Have you ever been to a really good Mexican restaurant where they bring you those amazing pickled carrots with jalapenos? Yeah, they’re pretty amazing. We’ve even posted on this before from our good friend and chef Alejandro! We had a bunch of veggies that were getting pretty sad, so instead of being wasteful we re-purposed them in to this incredible relish. We tossed this in to a fresh salad in lou of dressing, topped it on to some baked cod and added it like giardinera to a sandwich! It’s very versatile and packed with flavor. The recipe below is a loose version of what we did, use what you have on hand for vegetables- we used carrots, celery, onion, sweet mixed peppers and cilantro.

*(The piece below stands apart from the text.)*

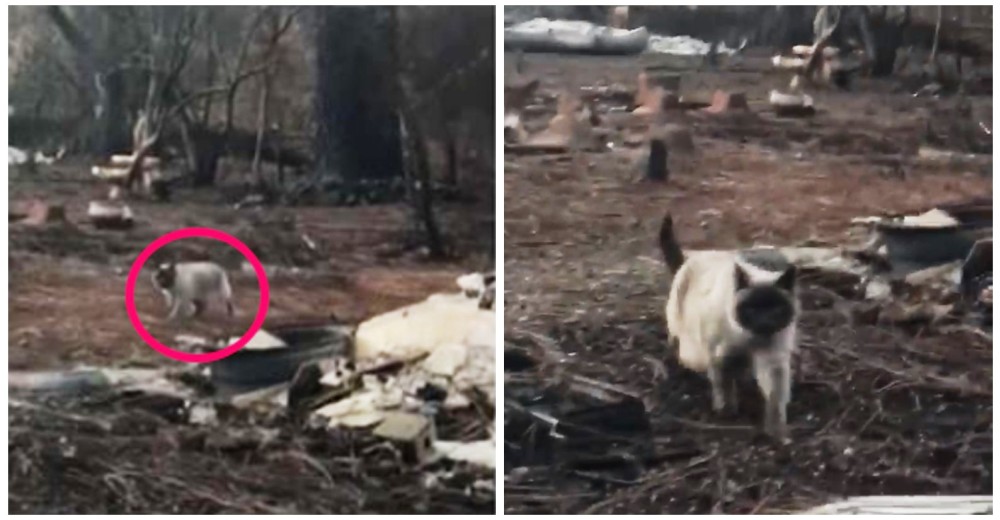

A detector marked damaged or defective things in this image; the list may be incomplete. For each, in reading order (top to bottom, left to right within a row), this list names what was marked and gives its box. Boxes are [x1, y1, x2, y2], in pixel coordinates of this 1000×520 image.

fire damage [504, 5, 988, 516]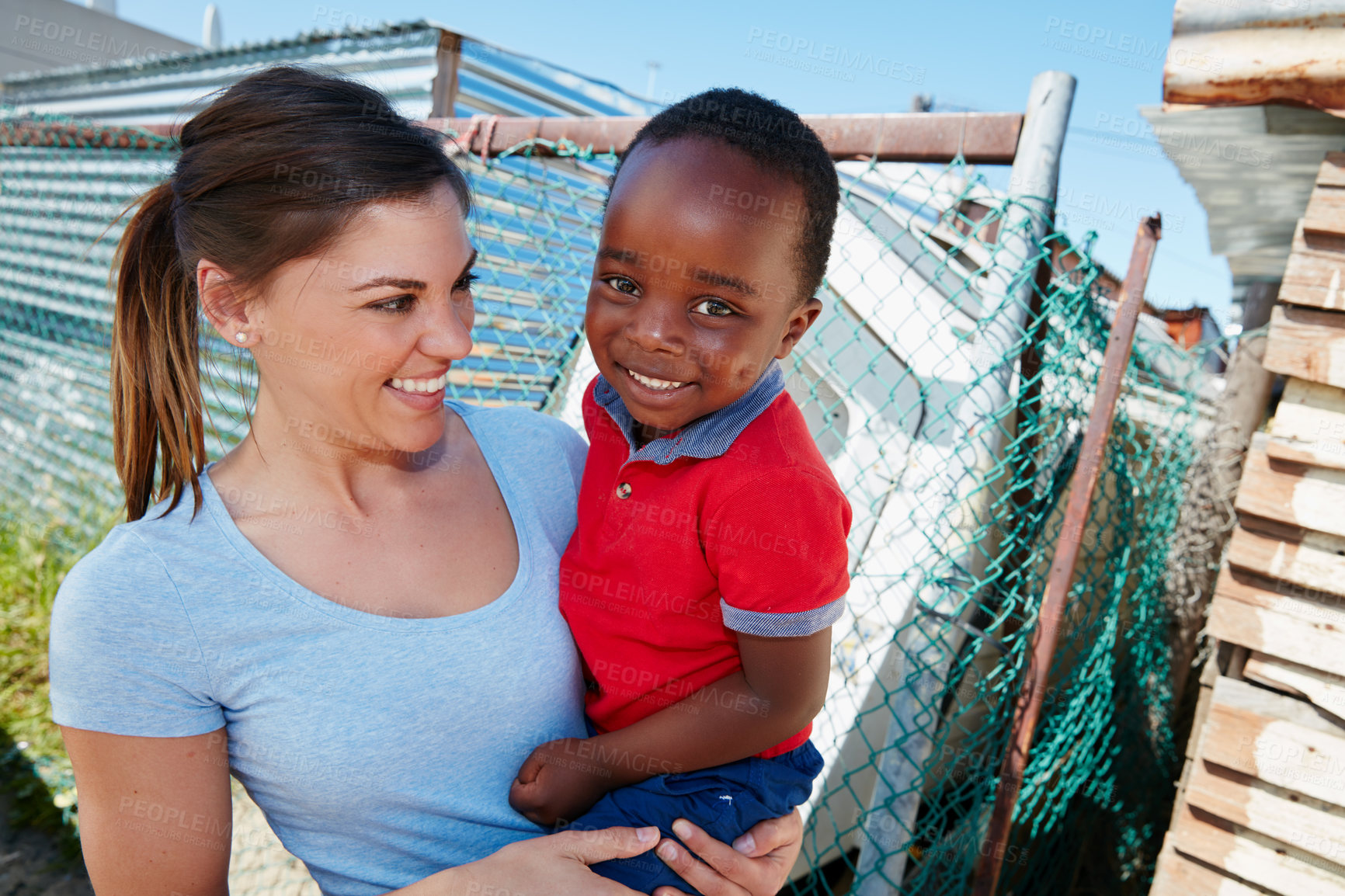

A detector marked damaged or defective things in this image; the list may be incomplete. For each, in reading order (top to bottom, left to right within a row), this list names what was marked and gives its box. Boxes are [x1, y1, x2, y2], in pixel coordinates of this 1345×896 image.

rusty metal pole [973, 212, 1162, 887]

2-3 cups vegetables, carrots/ celery/ onion/ peppers
4-6 garlic cloves, rough chop or whole
1/2 cup chopped cilantro, optional
1/2 cup apple cider vinegar
1/2 cup rice wine vinegar
1-2 cups water
1 teaspoon coriander seeds
1/2 tsp salt and pepper, to taste
1.) Chop your vegetables to bite size or relish size pieces ( however you’d like to eat them!)
2.) Place all vegetables, garlic, cilantro, vinegars and coriander, salt and pepper in to a large saucepan, add enough water to cover everything.
3.) Bring the pan to a boil, then reduce heat and cook for about 5 more minutes.
4.) Once cooled slightly, put in to Ball jars to store in the refrigerator, And they’ll keep for about 3 months.